Model Comparison — Watch History (4-Tier Artifact Set)¶
Purpose: Compare output quality of two models on the same feature (Watch History), across the full pipeline PRD → ADR → Spec → Plan. Feature: Watch History for the Funny Movies video app. Date: 2026-06-01 Author: nguyenhuuca
| Tier | Baseline (sibling model) | Opus 4.8 |
|---|---|---|
| PRD | docs/prd/PRD-watch-history.md |
docs/prd/PRD-watch-history-opus.md |
| ADR | docs/adr/0013-watch-history-design.md |
docs/adr/0014-watch-history-design-opus.md |
| Spec | docs/specs/spec-watch-history.md |
docs/specs/spec-watch-history-opus.md |
| Plan | docs/plans/plan-watch-history.md |
docs/plans/plan-watch-history-opus.md |
Both sets describe the identical feature with the same template at each tier.

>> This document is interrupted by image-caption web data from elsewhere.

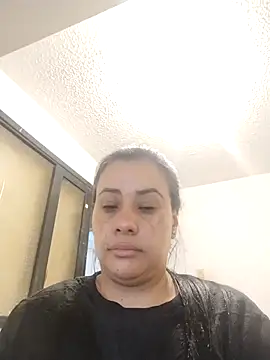 Snapshot of smile_sweetpao chatting on 02.13.25 smile sweetpao online show from 02.13.25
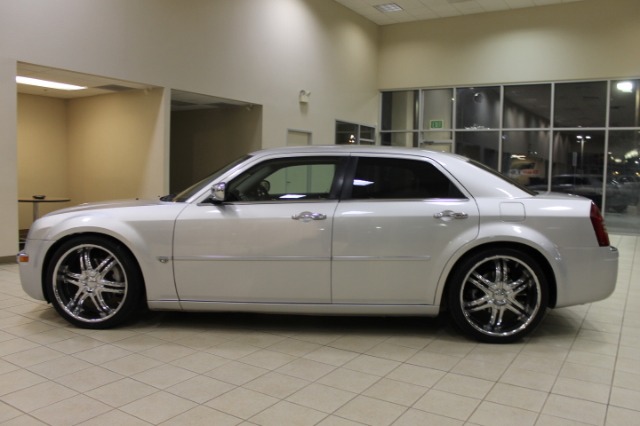 Chrysler 300C 2007 photo 3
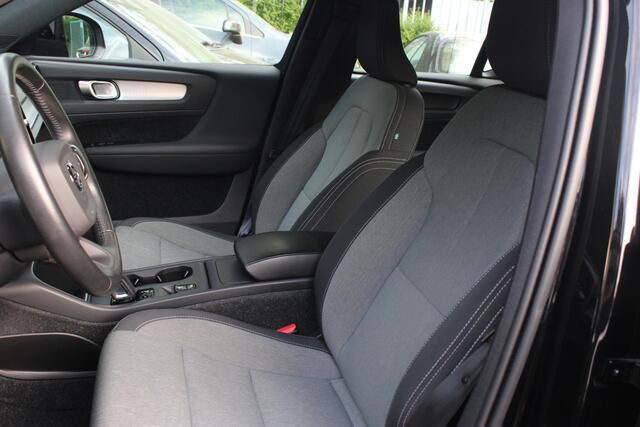 Volvo XC40 1.5 T2 Business Pro / AUTOMAAT / CAMERA / TREKHAAK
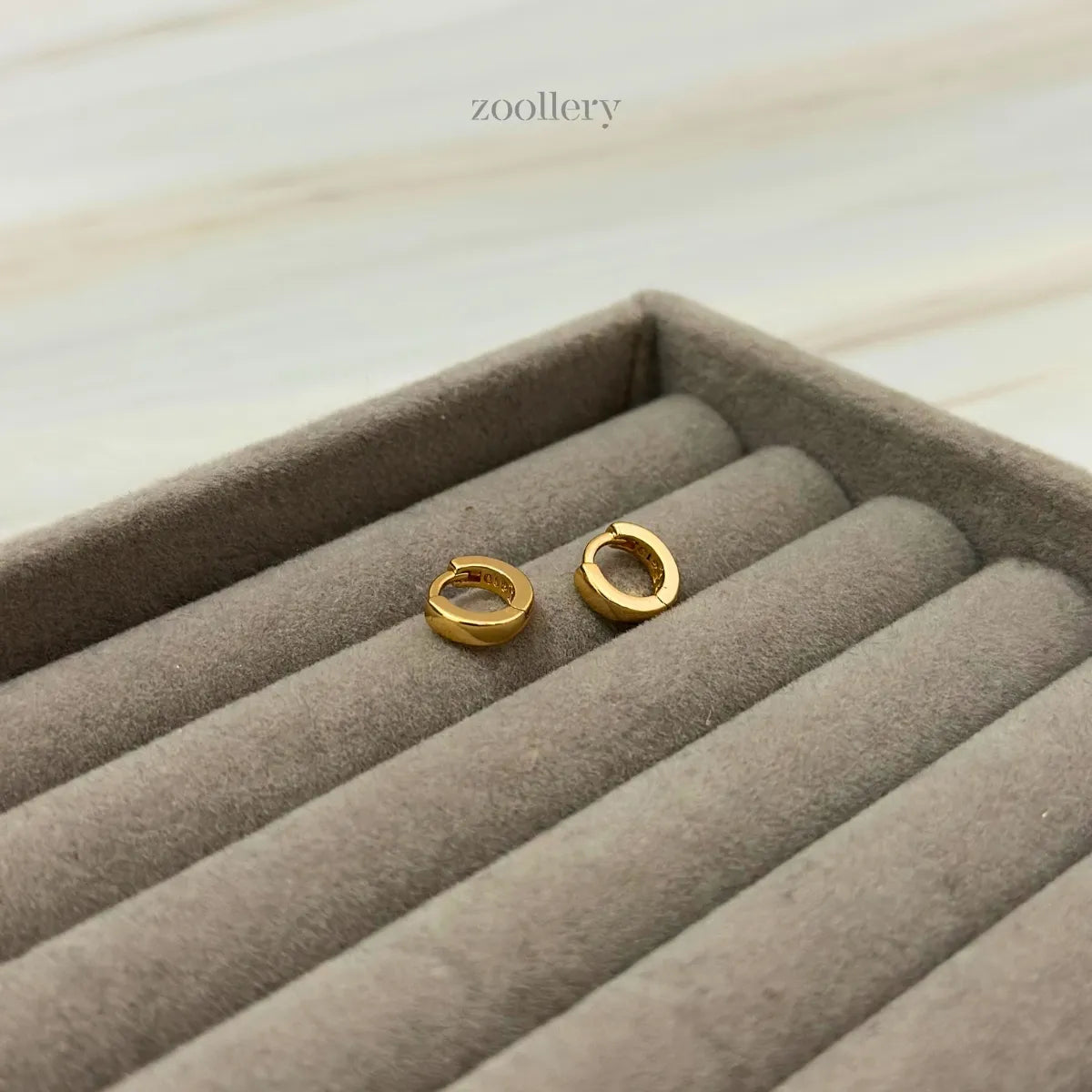 Tiny Orbit (Champagne Gold)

Differences below are content quality, not template differences. Same clarifying-question flow was followed for the Opus branch.
Executive Summary¶
The two model outputs agree on the core design — fire-and-forget recording, upsert-on-replay, 500-entry cap, client-side badge via an IDs endpoint, ON DELETE SET NULL with an immutable source_video_id. That agreement is itself a signal the design is sound.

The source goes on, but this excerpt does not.